Di Pulau Buton, cadangan aspal alam menggunung bagai samudra hitam. Lebih dari 660 juta ton menunggu digali, setara ratusan tahun kebutuhan nasional. Tetapi setiap tahun miliaran dolar mengalir keluar untuk membeli aspal minyak dari luar negeri. Apakah ini bentuk kemerdekaan atau komedi sejarah?
Para pendiri bangsa dulu berjuang mengusir penjajah bersenjata. Kini penjajahan hadir dalam bentuk kontrak impor dan ketergantungan ekonomi. Bedanya, penindas kali ini berasal dari kebijakan kita sendiri. Bukankah itu artinya kita dijajah oleh bangsa sendiri?
Akal sehat seharusnya jadi kompas pembangunan. Namun kompas itu seolah sengaja dipatahkan di meja kebijakan. Pulau Buton tergeletak seperti permata yang dibiarkan berdebu. Sementara kapal tanker asing terus menyalurkan aspal impor tanpa henti.
Setiap kilometer jalan baru yang dilapisi aspal impor adalah monumen kegagalan berpikir. Kita menyebutnya pembangunan, padahal itu simbol ketidakmandirian. Rakyat melintas di atas jalan yang mengisyaratkan ketundukan pada pasar luar. Tidakkah ini mencederai makna kemerdekaan?
Teknologi pengolahan aspal Buton sudah tersedia dan teruji. Uji laboratorium menegaskan kualitasnya memenuhi standar internasional.
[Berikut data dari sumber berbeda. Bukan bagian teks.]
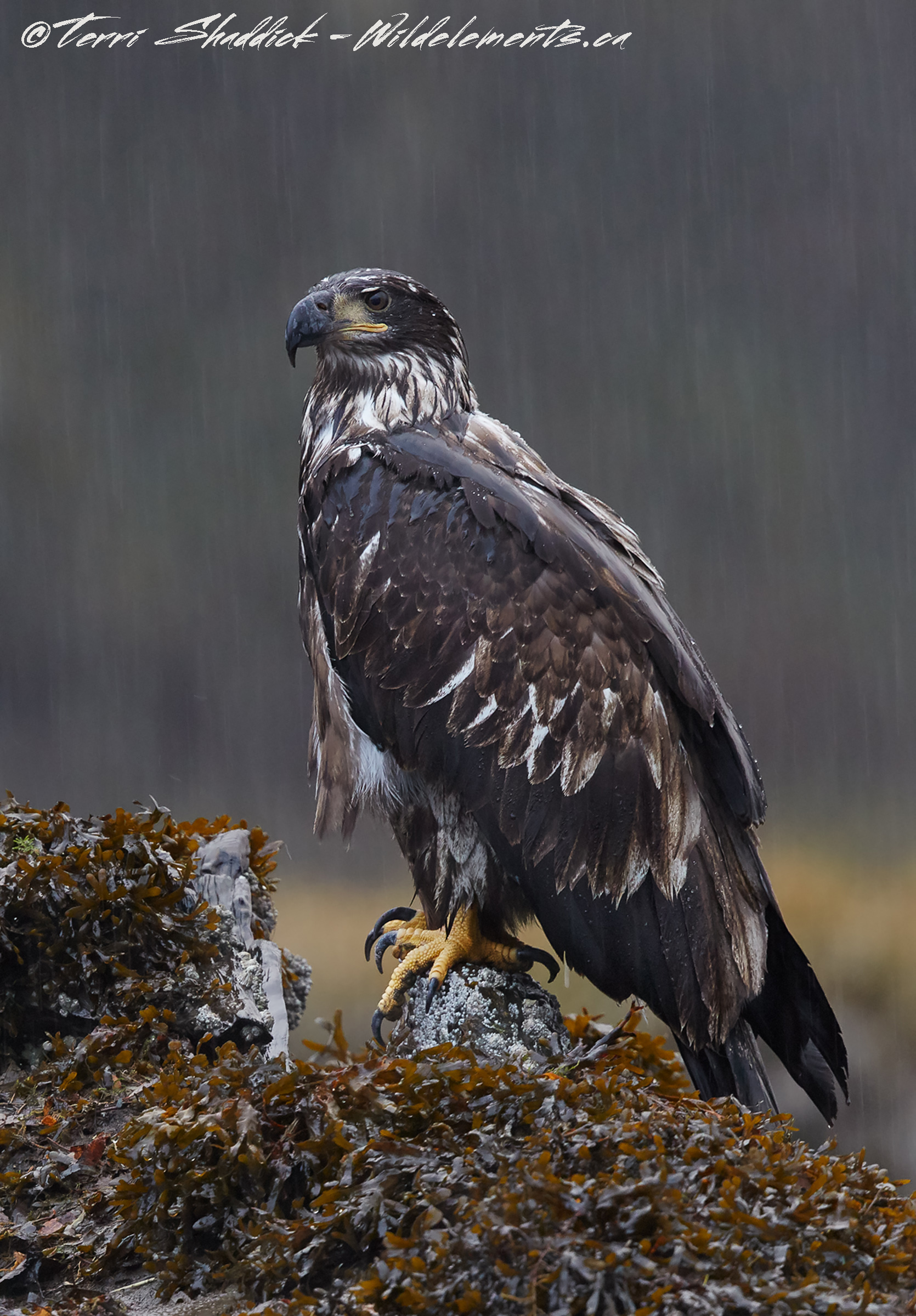 Bald Eagle Perched in Downpour Hurricane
Negara lain bahkan meliriknya dengan kagum. Mengapa justru kita yang menutup mata?
Jawabannya sering berbalut kata "efisiensi" dan "biaya." Namun angka-angka resmi menunjukkan sebaliknya: impor aspal lebih mahal, devisa tersedot. Logika ekonomi pun dibuat tumpul demi kenyamanan segelintir pemain lama. Akal sehat publik disulap menjadi statistik yang menipu.
Oligarki impor aspal hidup nyaman di balik kebijakan yang lesu. Selama keran impor terus terbuka, laba mereka terjamin aman. Kepentingan rakyat dan kedaulatan sumber daya hanya jadi slogan kampanye. Di sinilah wajah penjajahan baru menemukan bentuknya.
Presiden demi presiden telah melihat fakta yang sama. Janji berhenti impor aspal berkali-kali dilontarkan, lalu hilang bersama angin politik. Seolah kursi kekuasaan lebih berat daripada nurani. Bukankah ini tanda akal sehat yang telah lama menghilang?
Rakyat Buton menatap laut dengan sabar, menunggu keadilan yang tidak kunjung datang. Mereka bekerja menambang, berharap negara membuka mata. Peluh mereka justru menjadi saksi kesia-siaan kebijakan pusat. Apakah jerih payah itu harus terus dipermainkan?